Montréal 2007 : première neutralisation avec pitlane fermée
Si la fonction première d'un Safety Car est dans son nom, à savoir garantir la sécurité d'un Grand Prix, toute neutralisation devint rapidement un enjeu stratégique pour les équipes. En effet, sous régime de Safety Car, le rythme est considérablement réduit, et la procédure impliquant le regroupement de toutes les monoplaces prend un certain temps. C'est pourquoi de nombreux pilotes se précipitent encore aujourd'hui dans les stands dès les premiers instants de cette neutralisation afin de bénéficier d'un pitstop moins coûteux en temps et en positions.

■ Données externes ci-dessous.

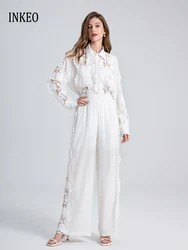 Luxury Women White Lace 2 Piece set 2025 Spring Fashion Hollow out shirt Lace embroidery blouse And High waist pants INKEO 4T245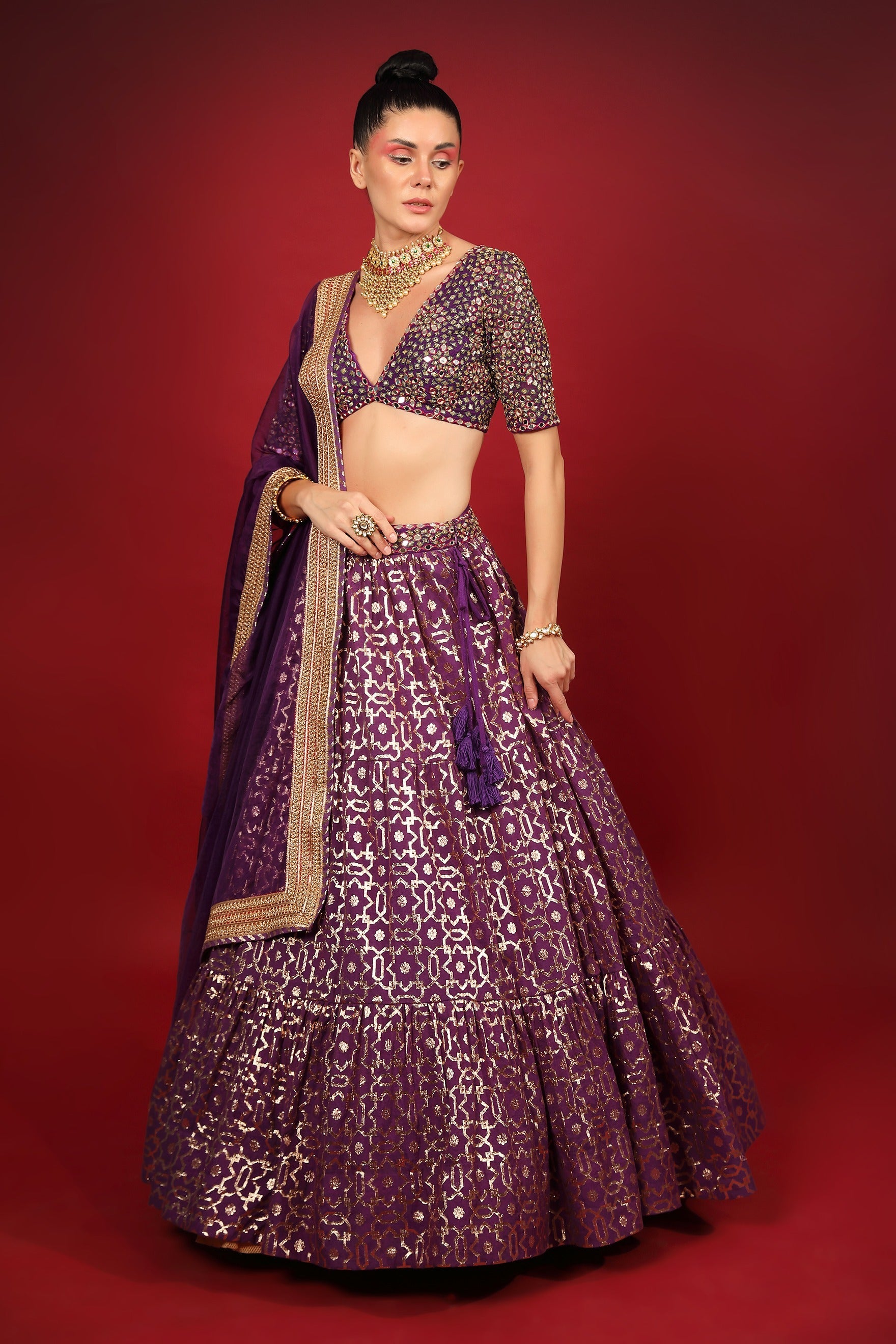 Purple Banarasi Chanderi Tiered Lehenga Set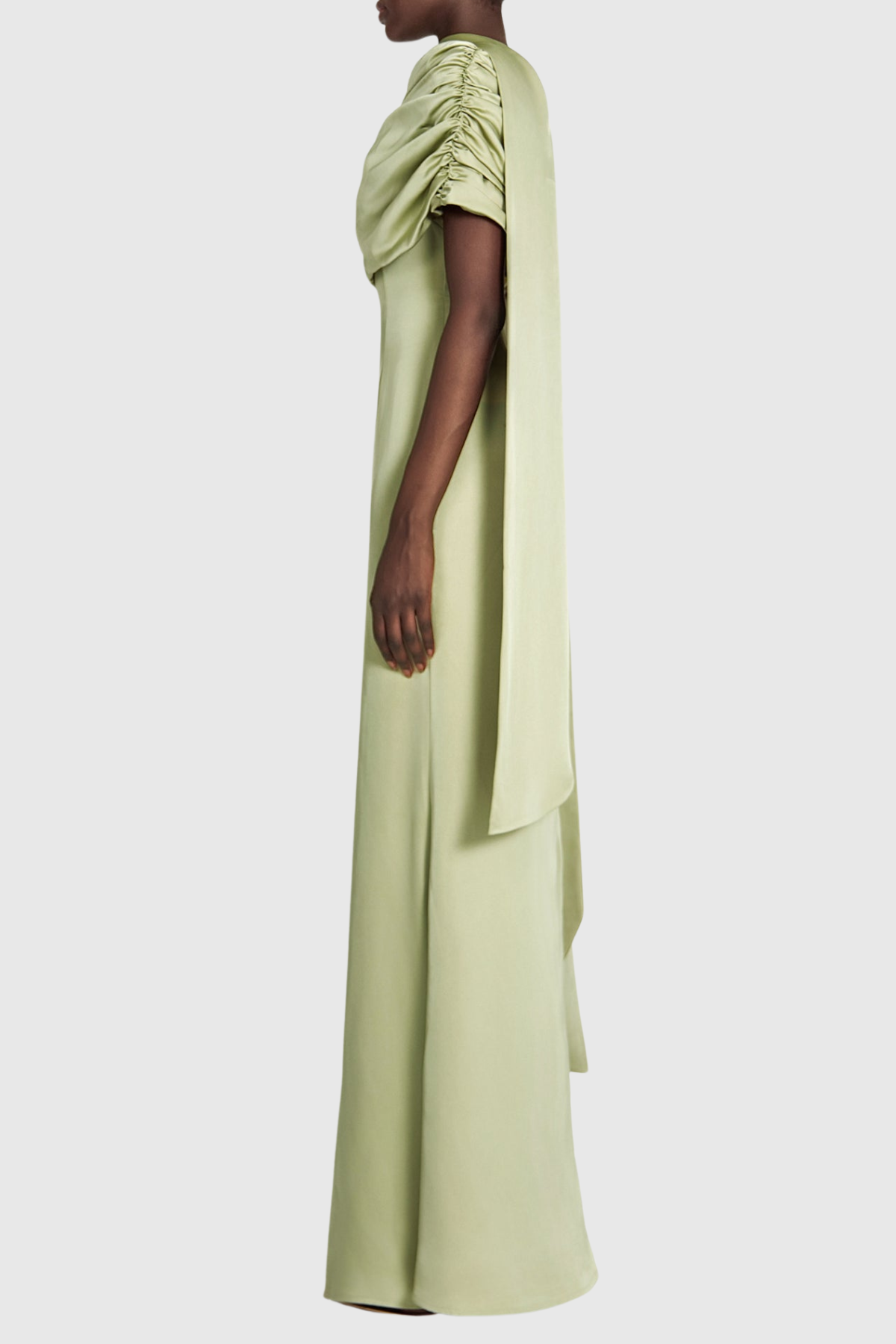 Jacinto Off Shoulder Pleated Satin Maxi Dress - Green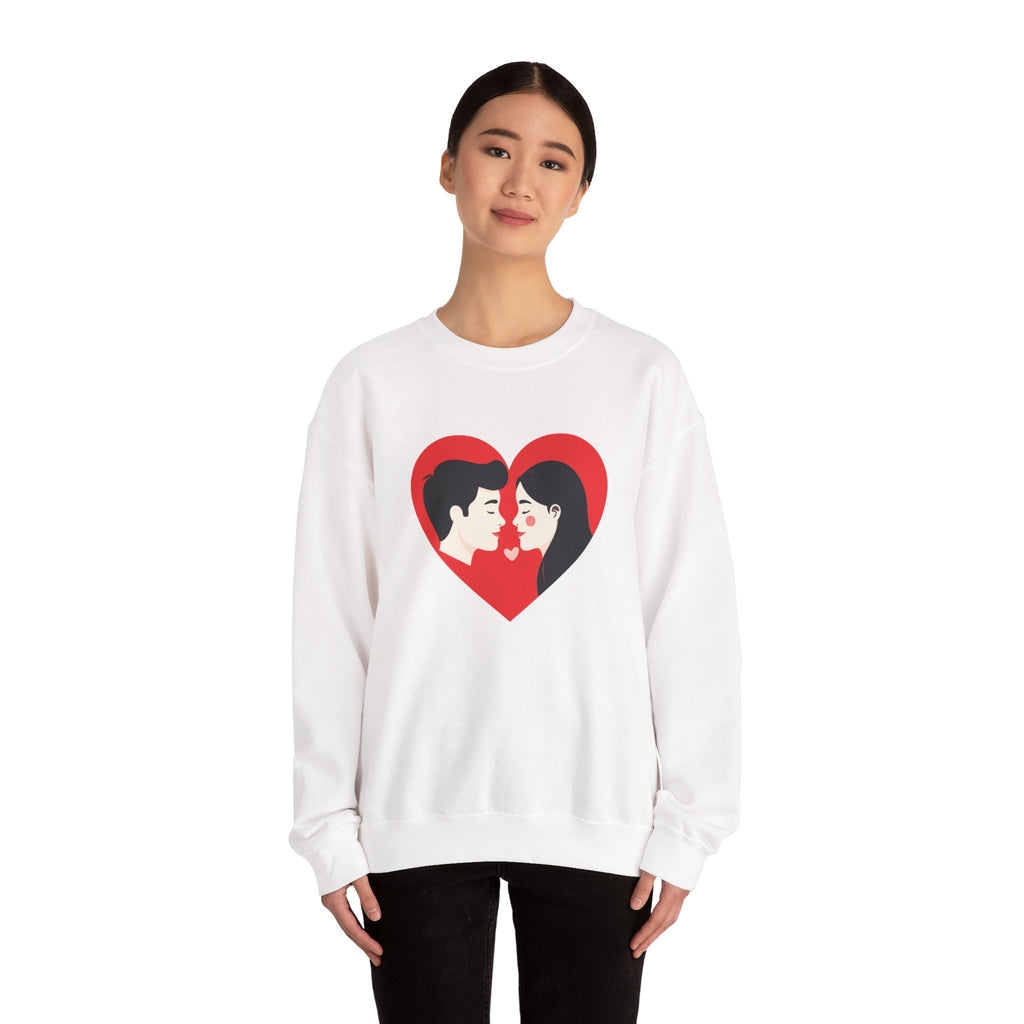 Valentine Couple Heart Crewneck Sweatshirt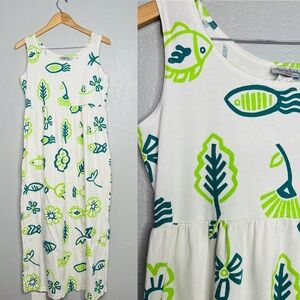 Diane Von Furstenberg vintage Tropical Floral Sleeveless Maxi Dress sz M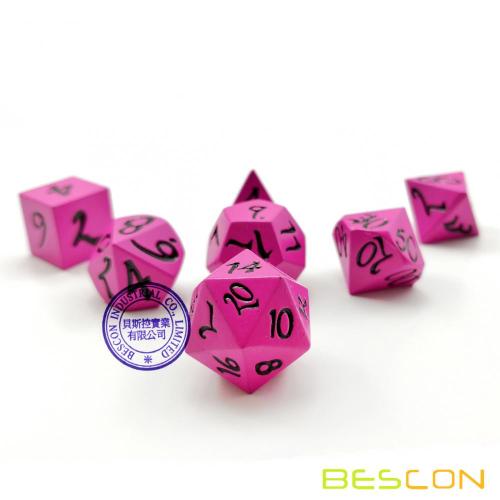 Bescon Fresh New Solid Metal Dice Set Deep Pink,Metal RPG Miniature Polyhedral dice set of 7 for role Playing Games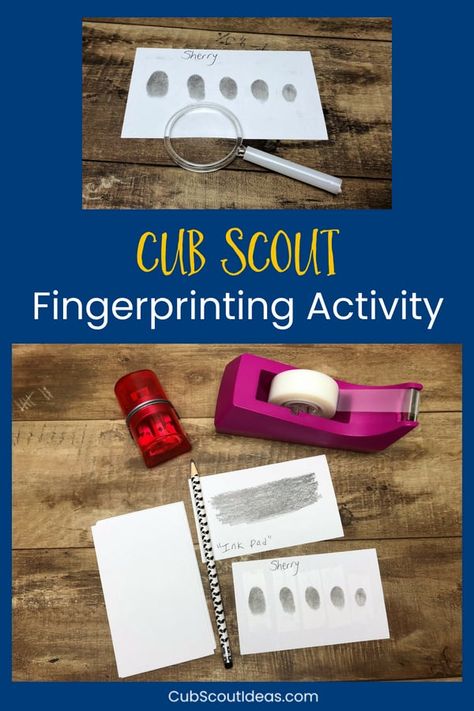 Cubscout Bear Activities, Beaver Scout Activities, Scout Activities Ideas, Cub Scout Halloween Activities, Tiger Scout Activities, Fingerprint Activities For Kids, Scout Ideas Activities, Beaver Scouts Activities, Cub Scout Wolf Den Activities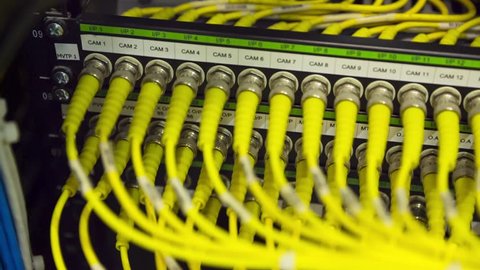 Back Side Of Modern Working Data Center Servers With Yellow Cable - Cloud Service And E-Commerce, Upload And Download Server  - Pan Right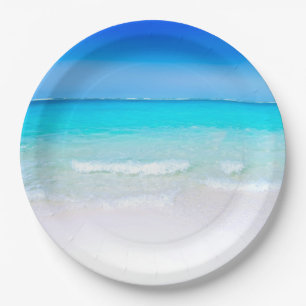 Prato De Papel Praia tropical com um mar de turquesa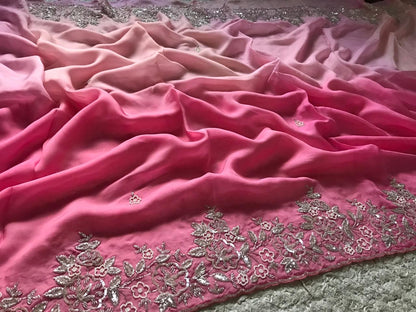 Pink shaded saree luxury shades saree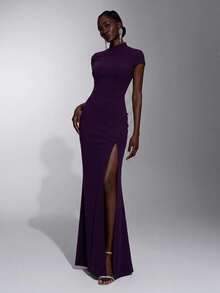 Elitara Elegant Romantic Purple Knit Cheongsam Collar Mermaid Dress Bodycon High Slit Cap Sleeve Women Prom Wedding Dinner Evening Formal Gown Winter - Purple - View 6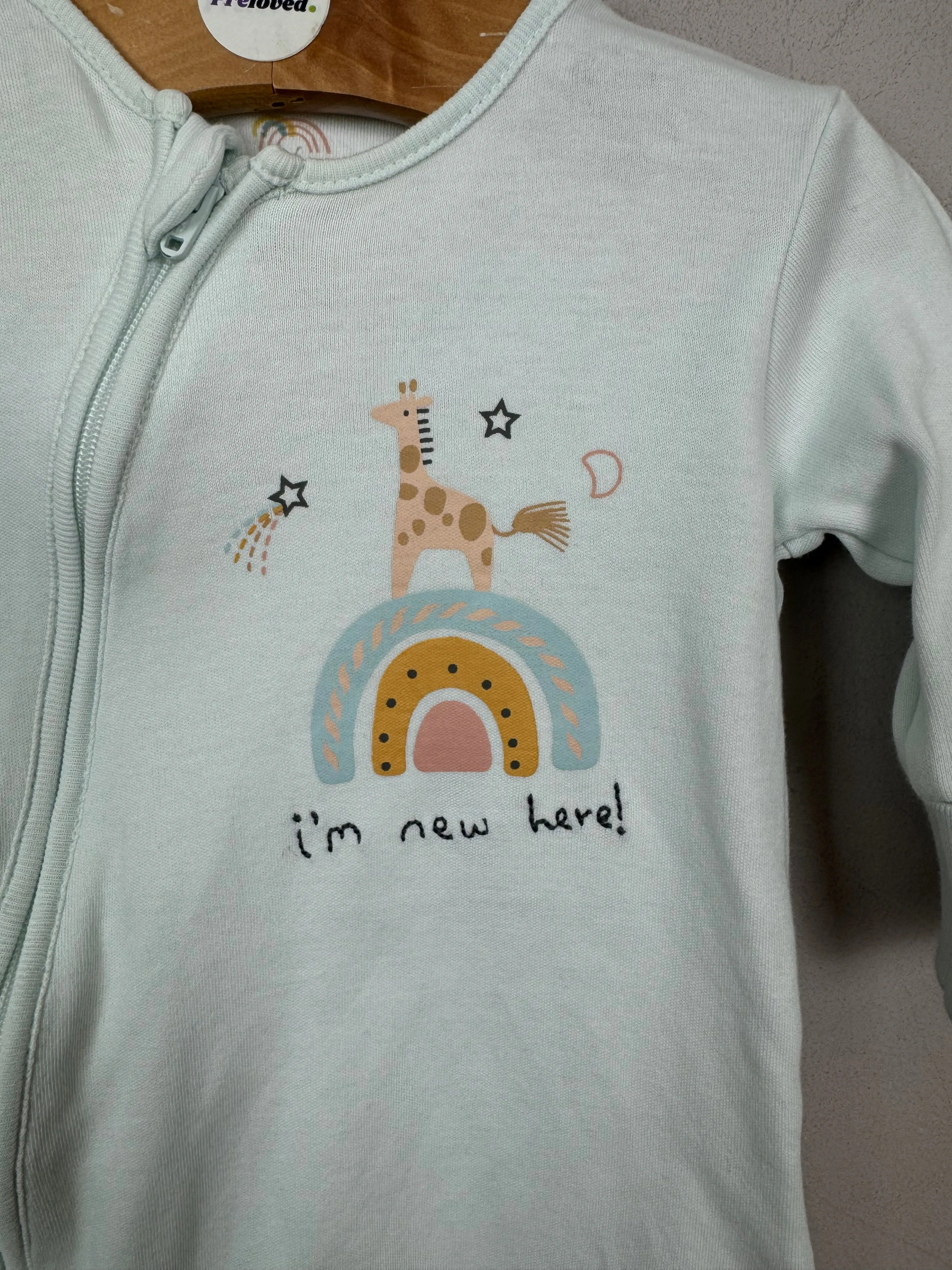 Upto 1m Next New Here Sleepsuit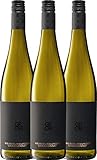 VINELLO 3er Weinpaket Weißwein - Grohsartig Weißburgunder Chardonnay 2021 - Groh mit einem VINELLO.weinausgießer | 3 x 0,75 Liter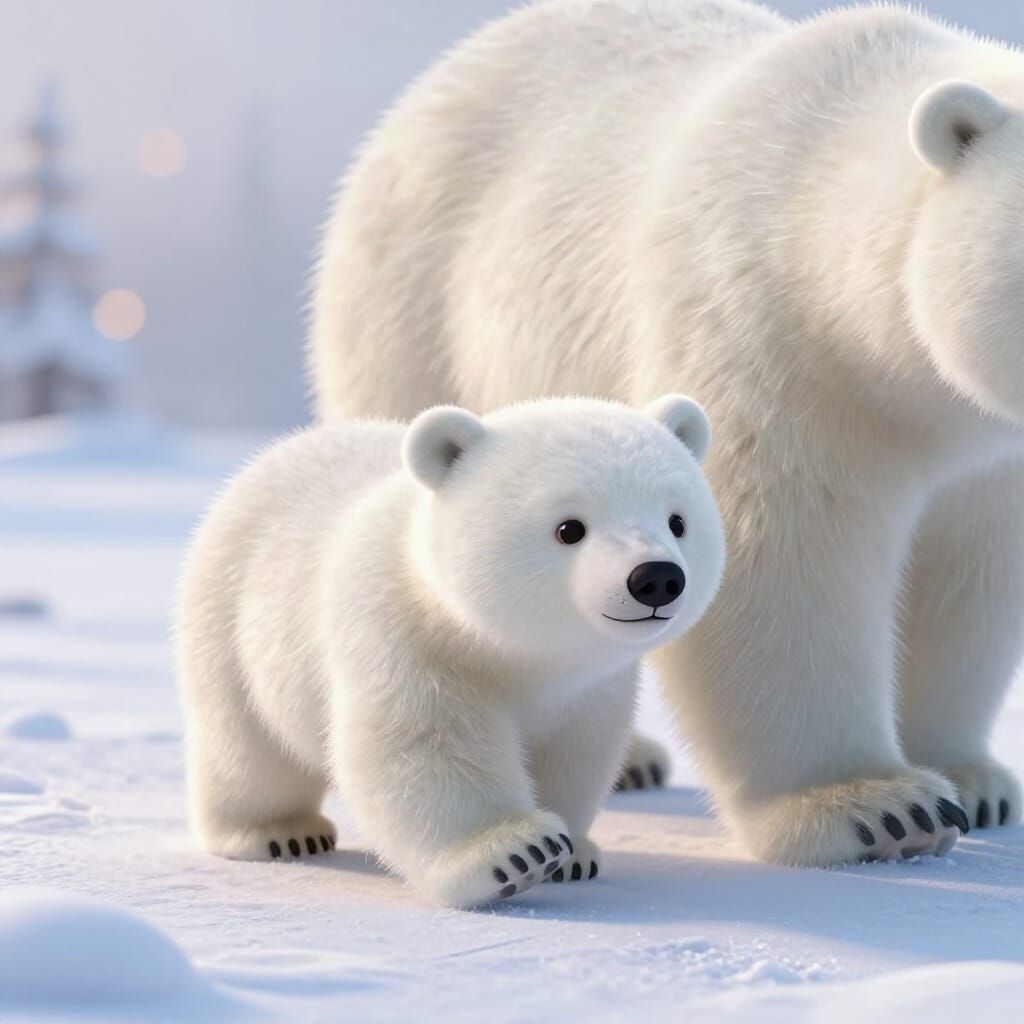 Cute Baby Polar Bear With Mother in Snowy Landscape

De nos jours, la procédure est sécurisée via un rythme défini à respecter selon l'évolution de la neutralisation et le positionnement de chaque monoplace. Mais il fut un temps où la technologie ne permettait pas encore cette régulation, d'où des irrégularités de rythme qui pouvaient s'avérer dangereuses, avec des pilotes pressés de rejoindre les stands pour bénéficier de l'avantage mentionné sans prêter attention aux interventions. Le tout avec une pitlane plus d'une fois engorgée si le Safety Car intervenait dans une fenêtre propice.
C'est pour cette raison que la procédure fut modifiée pour la saison 2007 : la ligne des stands devint fermée dès l'entrée du Safety Car. Il était interdit de ravitailler tant que toutes les voitures n'étaient pas réunies derrière la voiture de sécurité. Toute entrave à cette règle aboutit à un Stop & Go de dix secondes, à moins d'avoir rejoint les stands avant la dite fermeture.
Le Grand Prix du Canada permit d'inaugurer cette règle et Fernando Alonso et Nico Rosberg devinrent les premiers contrevenants. Les deux pilotes crurent avoir rejoint la pitlane quelques secondes avant sa fermeture, hélas à tort. A l'inverse, Super Aguri exploita à la perfection la nouvelle réglementation lorsqu'ils firent stopper Takuma Sato lors d'une neutralisation suivante pour un simple changement de pneu, car ceci restait autorisé même en cas de pitlane fermée. Sa sixième place finale n'était pas due qu'au chaos ambiant de cette course.
Cependant, autoriser les ravitaillements qu'une fois les pilotes regroupés aboutit plus d'une fois à un engorgement de la pitlane, soit une des situations que la FIA voulait justement éviter. Le Grand Prix de Singapour 2008 avec le tuyau d'essence arraché par Felipe Massa témoigna du problème. Sans compter des pilotes au bord de la panne sèche contraints de s'arrêter sans attendre l'ouverture des stands, d'où une pénalité inévitable pour Nico Rosberg (encore) et Robert Kubica ce jour-là.
La règle – que l'ancien directeur de course Charlie Whiting reconnut lui-même comme « mauvaise » – disparut en 2009 avec l'introduction du fameux delta minimum à respecter.